A while back, I got this email from a reader named Ruth.

"Hi Karen, 
I'm hoping you can help me.  I have been really enjoying being inspired by your blog and others (particularly Miss Mustard Seed) in the area of furniture and wood upcycling.  I was hoping to meet you before you moved as my parents live in Kaiapoi but I missed you unfortunately.  The reason I need your advice is that I find some of the finishing information from the States quite difficult to figure out.  I have decided that "poly" must be polyurethane but I'm not sure about all the glazes etc which are mentioned.  My main area of confusion is on how you "finish" painted furniture. 

Whenever I go into Mitre Ten or other places they are very confused about the idea of using poly or wax over paint.  My husband feels that if I have done 3 coats of acrylic paint on furniture it should be enough but I keep seeing people putting layers of poly on or waxing.  I'm confused! 

I have recently finished a chunky tray (photo attached) which was stained BRIGHT orange.  No matter how hard I tried I couldn't cover it so I went with it and painted over in white then distressed.  I painted on a French address and distressed that.  I quite like the result but I don't know how to "finish" it.  I feel like if I polyurethane it will lose the simple aged look.  But if I don't it won't be water resistant so may not last long?  I think I am out of my depth but not sure where to go to get answers as all the "shop experts" haven't really had a  lot of experience at doing mad things like this. 

My other question is over "glazing".  I keep seeing people mention antiquing or glazing their pieces after they have distressed them but all the products they mention are foreign here in NZ and I'm a bit confused as to how that works too.

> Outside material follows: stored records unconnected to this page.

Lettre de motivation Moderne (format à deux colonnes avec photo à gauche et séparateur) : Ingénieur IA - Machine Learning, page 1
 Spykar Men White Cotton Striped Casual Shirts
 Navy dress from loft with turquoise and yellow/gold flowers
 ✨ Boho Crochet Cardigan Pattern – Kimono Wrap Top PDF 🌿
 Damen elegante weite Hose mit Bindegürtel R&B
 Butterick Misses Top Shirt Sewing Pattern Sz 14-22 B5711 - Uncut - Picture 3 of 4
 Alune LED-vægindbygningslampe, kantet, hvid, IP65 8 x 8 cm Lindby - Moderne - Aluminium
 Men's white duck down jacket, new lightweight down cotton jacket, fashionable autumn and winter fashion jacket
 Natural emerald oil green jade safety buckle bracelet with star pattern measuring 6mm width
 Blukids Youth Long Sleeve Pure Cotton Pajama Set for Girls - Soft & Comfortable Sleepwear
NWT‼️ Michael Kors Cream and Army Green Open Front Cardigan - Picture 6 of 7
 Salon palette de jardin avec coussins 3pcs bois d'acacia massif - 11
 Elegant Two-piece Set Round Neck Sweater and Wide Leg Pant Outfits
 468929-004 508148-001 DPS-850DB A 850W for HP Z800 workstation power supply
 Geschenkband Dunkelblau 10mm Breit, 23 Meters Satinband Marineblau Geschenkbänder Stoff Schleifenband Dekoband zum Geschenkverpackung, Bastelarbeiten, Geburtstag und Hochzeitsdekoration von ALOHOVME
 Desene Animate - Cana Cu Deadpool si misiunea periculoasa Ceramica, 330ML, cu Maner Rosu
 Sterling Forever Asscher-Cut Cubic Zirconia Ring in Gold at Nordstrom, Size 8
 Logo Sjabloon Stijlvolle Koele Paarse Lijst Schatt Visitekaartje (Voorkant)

Maybe you could do a "Finishing Down Under" post for those who need translations and product suggestions?

Thank you and all the best for settling in and finding a new market over there.

There are a heap of great questions in there, and I agree with Ruth that I think there are others down our end of the world that might benefit from my answers to her questions. 

First of all, here is the tray Ruth did.  Isn't it stunning!

I love how she turned a problem (she hated the orange paint on the tray) into a positive by painting over it then distressing so the orange peeped through.  A happy accident.  I have lots of those...all part of the fun of the process!

So, here is what I had to say to Ruth:
I understand your confusion over 'finishing' the furniture, and I was pretty confused at first too.  Your husband is quite right, 3 coats of acrylic paint in a semi-gloss finish will give a nice finish with no need for anything over the top of it.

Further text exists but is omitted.